• WHAT TO DO: Pictures should be left out while the data beneath this task is written out word for word.

• INFORMATION SHOWN:

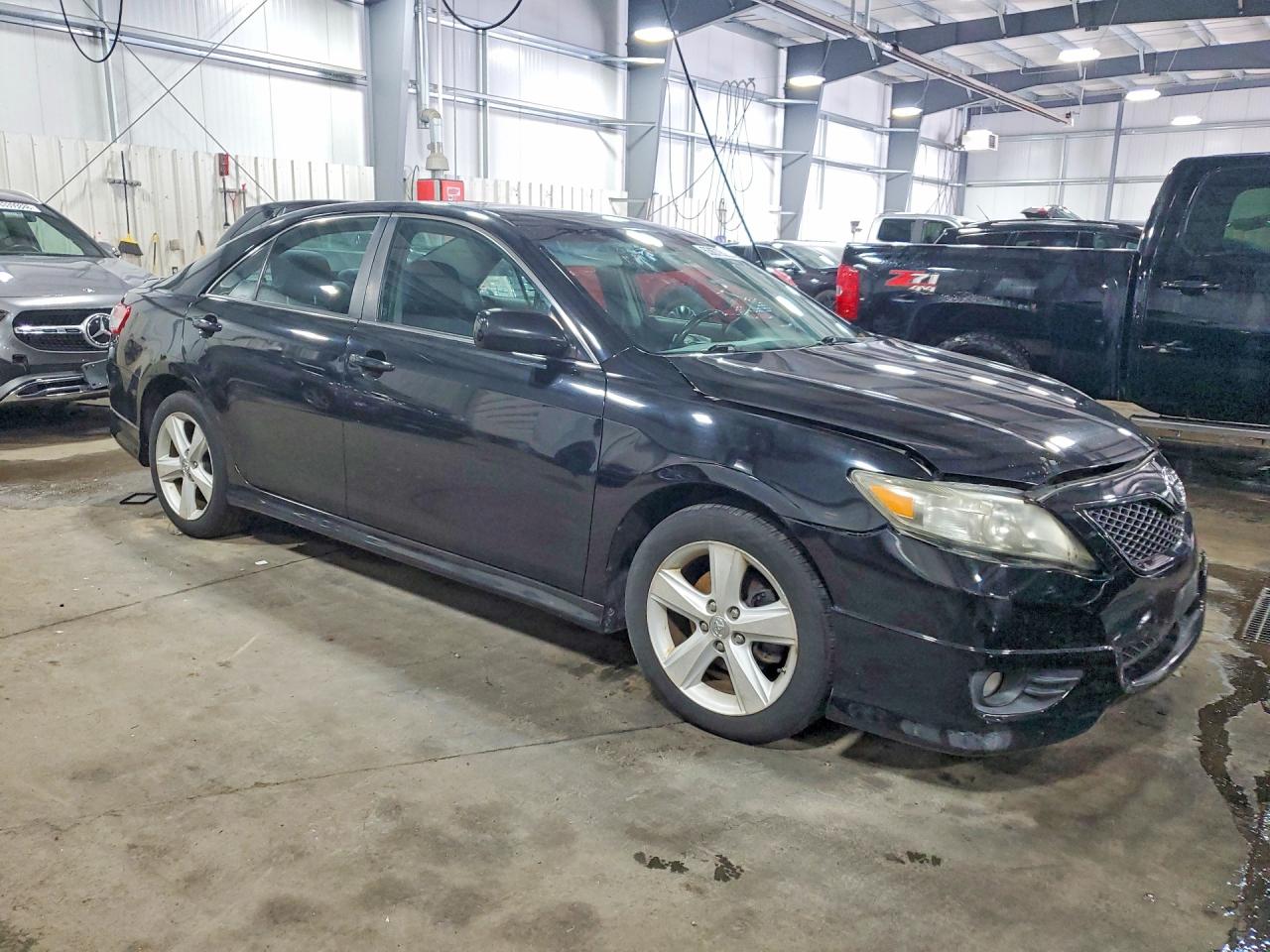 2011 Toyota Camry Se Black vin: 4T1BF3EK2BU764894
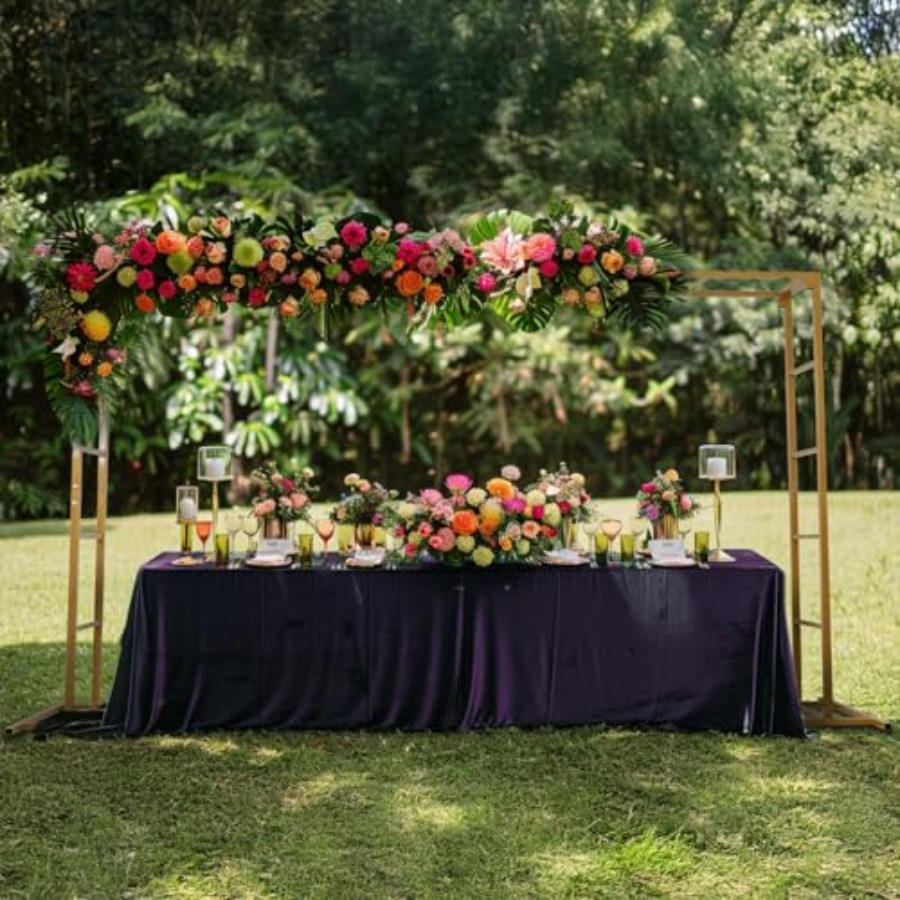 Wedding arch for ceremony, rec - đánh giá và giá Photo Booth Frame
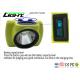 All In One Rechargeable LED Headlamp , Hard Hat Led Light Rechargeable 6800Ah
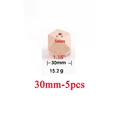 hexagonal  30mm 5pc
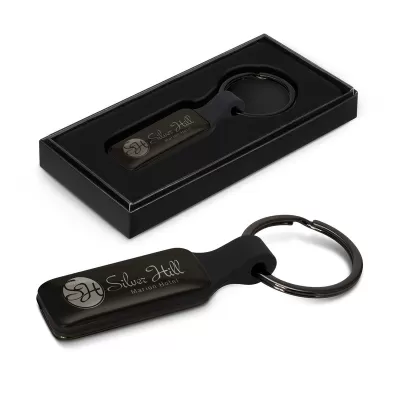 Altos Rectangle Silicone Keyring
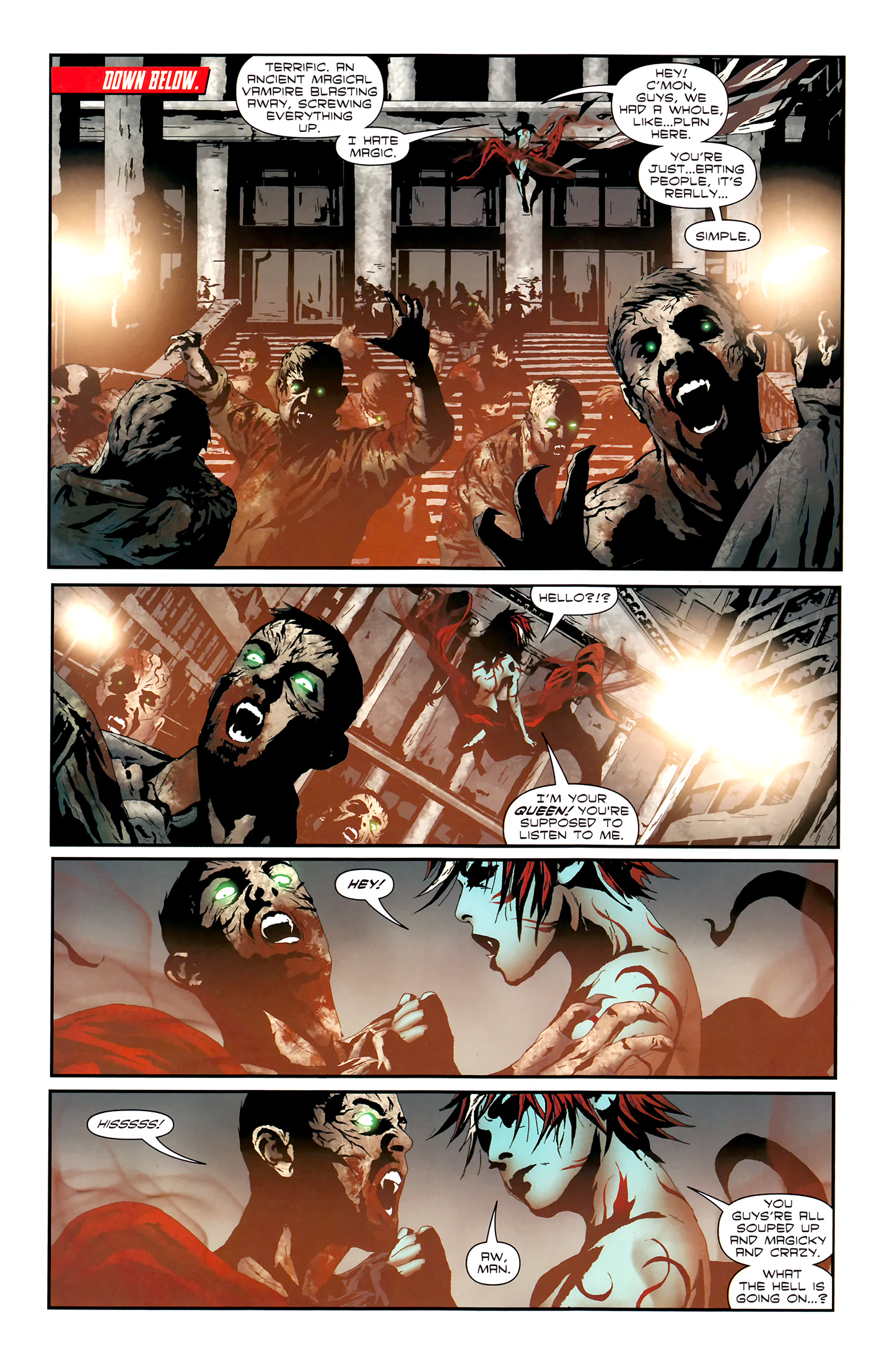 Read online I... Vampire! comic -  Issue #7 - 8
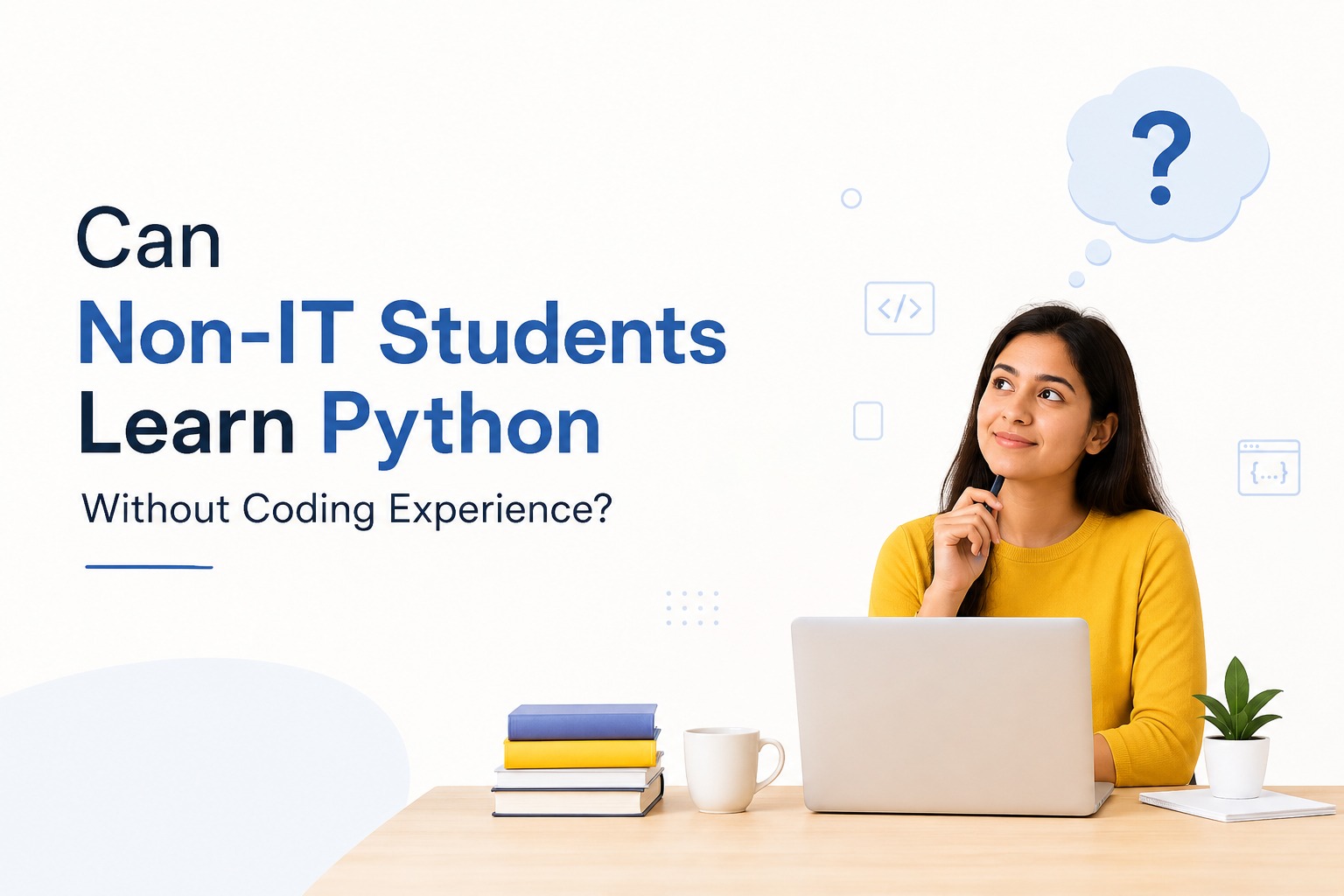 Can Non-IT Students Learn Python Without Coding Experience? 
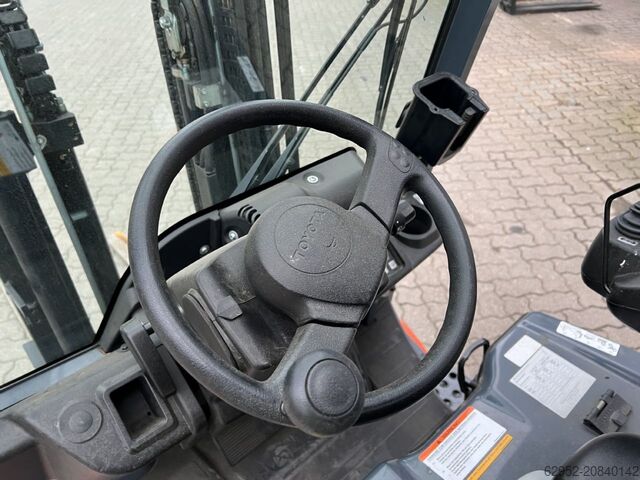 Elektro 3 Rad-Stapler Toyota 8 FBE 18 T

• EXERCISE SOLUTION:
 2011 Toyota Camry Se Black vin: 4T1BF3EK2BU764894
 Wedding arch for ceremony, rec - đánh giá và giá Photo Booth Frame
 All In One Rechargeable LED Headlamp , Hard Hat Led Light Rechargeable 6800Ah
 hexagonal  30mm 5pc
 Altos Rectangle Silicone Keyring
 Read online I... Vampire! comic -  Issue #7 - 8
 Can Non-IT Students Learn Python Without Coding Experience? 
 Elektro 3 Rad-Stapler Toyota 8 FBE 18 T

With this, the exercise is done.